The any-moment (imminent) return of Christ is by God's design. Because there are no preconditions before the Lord's return for the Church, we remain focused on watching for Christ (rather than other events such as the rise of Antichrist). We have greater motivation to live each day in diligent service to the Lord. This uncertainty leaves us with all sorts of productive questions: "Is today the day Jesus will return? Is the next moment the moment He will arrive? What activity will I be engaged in when my Lord returns?"

Peter emphasizes this motivational aspect of the unknown timing of the Lord's return when he predicts the scoffers who would say it had been so long that Jesus would never return:

But, beloved, do not forget this one thing, that with the Lord one day is as a thousand years, and a thousand years as one day. The Lord is not slack concerning His promise, as some count slackness, but is longsuffering toward us, not willing that any should perish but that all should come to repentance. But the day of the Lord will come as a thief in the night, in which the heavens will pass away with a great noise, and the elements will melt with fervent heat; both the earth and the works that are in it will be burned up. Therefore, since all these things will be dissolved, what manner of persons ought you to be in holy conduct and godliness, looking for and hastening the coming of the day of God, because of which the heavens will be dissolved, being on fire, and the elements will melt with fervent heat? (2 Pe. 3:8-12, NKJV)

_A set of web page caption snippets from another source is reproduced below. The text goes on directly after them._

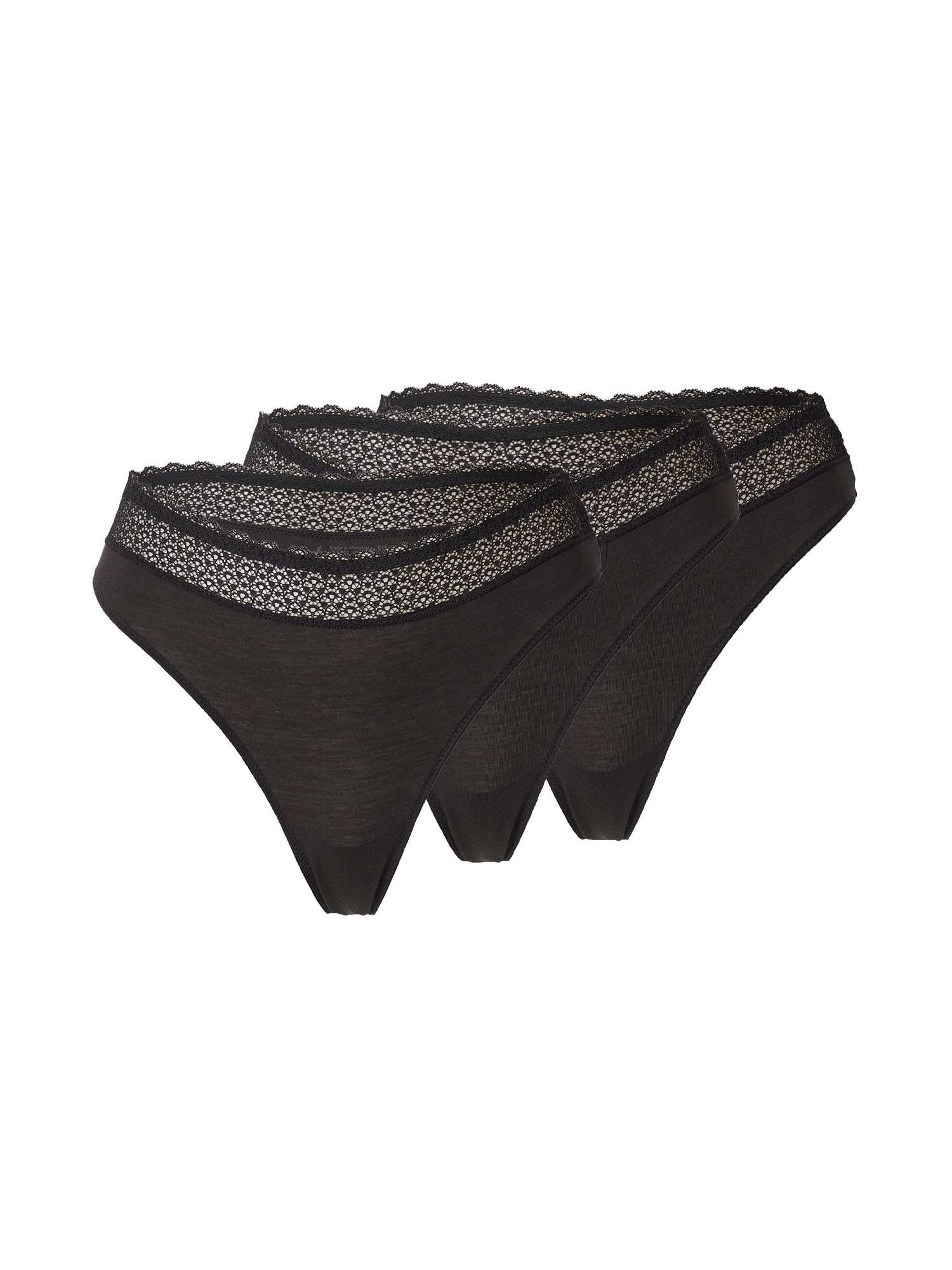 TRIUMPH Tanga Feel of Modal  negru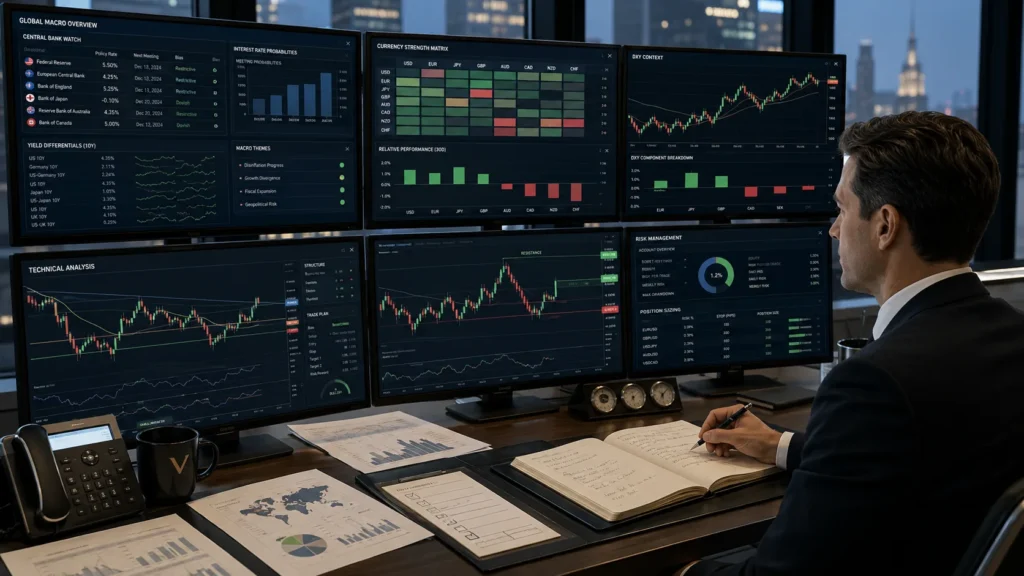 The Valeron approach to forex combining macro bias and technical execution
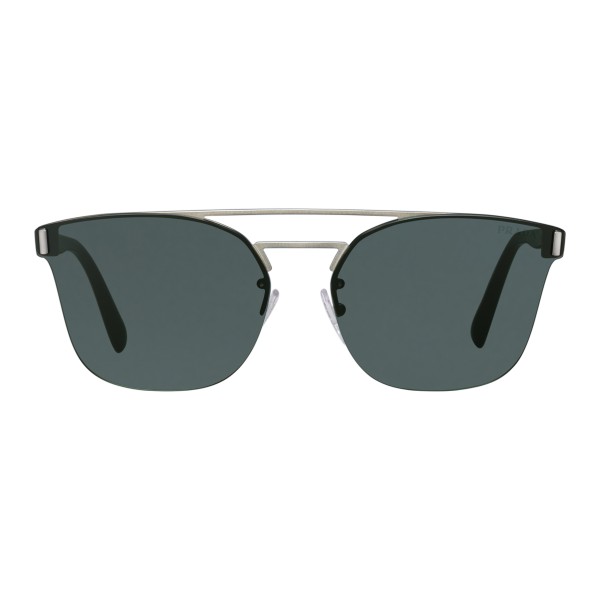 Prada - Prada Collection - Anthracite Square Top Bar Sunglasses - Prada Collection - Sunglasses - Prada Eyewear
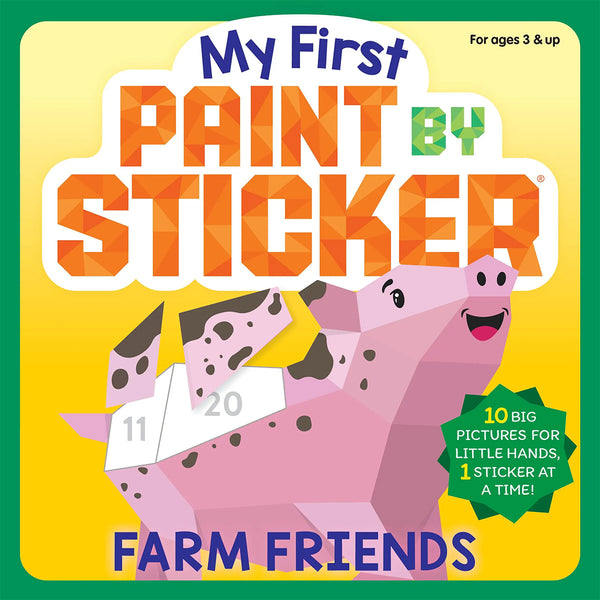 My First Paint By Sticker: Farm Friends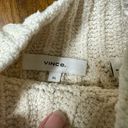 Vince  Raglan Mock Neck Long Sleeve Sweater Cotton Cream Size XL Photo 6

Because we know the seriousness of the Lord's return and understand it can occur at any moment, we are motivated to live a pure life while continually watching. "As someone once said, 'Bible prophecy is not given so we can make a calendar—it's given to mold our character.'" [1]

[A] continual looking forward to the eternal world is not (as some modern people think) a form of escapism or wishful thinking, but one of the things a Christian is meant to do. It does not mean that we are to leave the present world as it is. If you read history you will find that the Christians who did most for the present world were just those who thought most of the next. The Apostles themselves, who set on foot the conversion of the Roman Empire, the great men who built up the Middle Ages, the English Evangelicals who abolished the Slave Trade, all left their mark on Earth, precisely because their minds were occupied with Heaven. It is since Christians have largely ceased to think of the other world that they have become so ineffective in this. Aim at Heaven and you will get earth 'thrown in': aim at earth and you will get neither. [2]

Thus, we find the New Testament teaching an ongoing expectation for the any-moment return of Jesus (even in Paul's day) and the need for patience because God's perspective regarding time is immensely different than ours.

Paul wrote from the perspective of believers in his generation and saw the possibility of the Lord's appearing for the Church in his lifetime. Yet the possibility also remained—as it turned out—that many more generations would pass before the Lord returned. This perspective seems to be reflected in Peter's passage cited above.

Understanding how Scripture teaches an imminent return of Jesus while also containing detailed predictions regarding events at the end of the age requires a careful study of the differences between passages which concern Jesus' return for the Church (the Rapture) verses those which concern His return as a thief on an unsuspecting world ushering in the Day of the Lord, culminating in His Second Coming in judgment. But those are subjects for another time! ☺


[1] Matthew Waymeyer, Revelation 20 and the Millennial Debate (The Woodlands, TX: Kress Christian Publications, 2001, 2004), 1.

[2] C. S. Lewis, Mere Christianity (New York, NY: MacMillan Publishing, 1943, 1977), 118.